Brusco despertar e o coveiro de Marx

túmulo de Karl Marx em Highgate, Londres
      Sem querer acordei implacavelmente cedo hoje incomodado pelo Alzheimer paterno ter deixado vestígios em mim em virtude de  não me lembrar de um livro que recentemente li e para o qual fiz modestos apontamentos. Esse assustador lapso de memória recente me fez percorrer com olhos e dedos a estante de casa e a cabeceira da cama em busca do livro esquecido. Assim casualmente me deparei com a singela informação, embutida num livro -almanaque de Eduardo Galeano, que no dia de hoje, 14 de março , mas no ano de 1883, era sepultado em Londres , "na presença de uma multidão de 11 pessoas, contando o coveiro" um homem sobre o qual milhões debatem até hoje e cujas idéias ainda causam celeuma ainda mais nessa extemporânea guerra fria que vivemos. Karl Marx era o nome dele.

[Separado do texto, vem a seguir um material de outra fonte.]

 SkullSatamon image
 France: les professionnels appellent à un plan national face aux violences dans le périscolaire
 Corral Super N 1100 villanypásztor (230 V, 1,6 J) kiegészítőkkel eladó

        No livro que achei Eduardo Galeano garante que a mais famosa frase de Marx está em seu epitáfio : " Os filósofos interpretam o mundo, de várias maneiras; mas a questão é mudar o mundo".  Na perspectiva de Marx é difícil saber se o mundo foi mudado. Hoje sequer sabemos se ele está transformado ou transtornado. Marx repousa em Highgate que não conheço mas me lembro de entusiasmado relato sobre o recanto que me foi enviado via uma carta remota pelo amigo Marco Piquini que morou em Londres um período de sua vida. Não sei se eu queria ter ido visitar o túmulo de Marx como fiz com o de Chopin em Paris. Aquela velha aparência - Marx nasceu velho ? - de olhar senhorial e barba cerrada sempre me causou sinistra impressão como é sinistro pensar que a pretexto de defender ou combater as idéias dele tanto sangue tenha se derramado. Sobre seu "O Capital" ele teria dito, ainda segundo Galeano, que  " ninguém escreveu tanto sobre o dinheiro, tendo tido tão pouco dinheiro. O capital não vai pagar nem os charutos que fumei enquanto escrevia ".
     Nesse dia, 130 anos após o sepultamento de Marx, não fica nem bem repetir aquele bolodório sobre falência de ideologias, capitalismo, socialismo, globalização e neo-liberalismo. Mas é curioso notar que as vozes da noite eterna que sempre vagam pelo Brasil , e nesses tempos com força, sempre buscam no velho Marx motivos para justificar seus argumentos trevosos. Se Marx não foi a vanguarda do desenvolvimento do pensar humano não o serão essa vanguarda do atraso que belicosa se arma sempre contra as conquistas da sociedade civil. Acordei cedo hoje só para ter certeza, mais um dia, que no Brasil se vive ainda a guerra fria.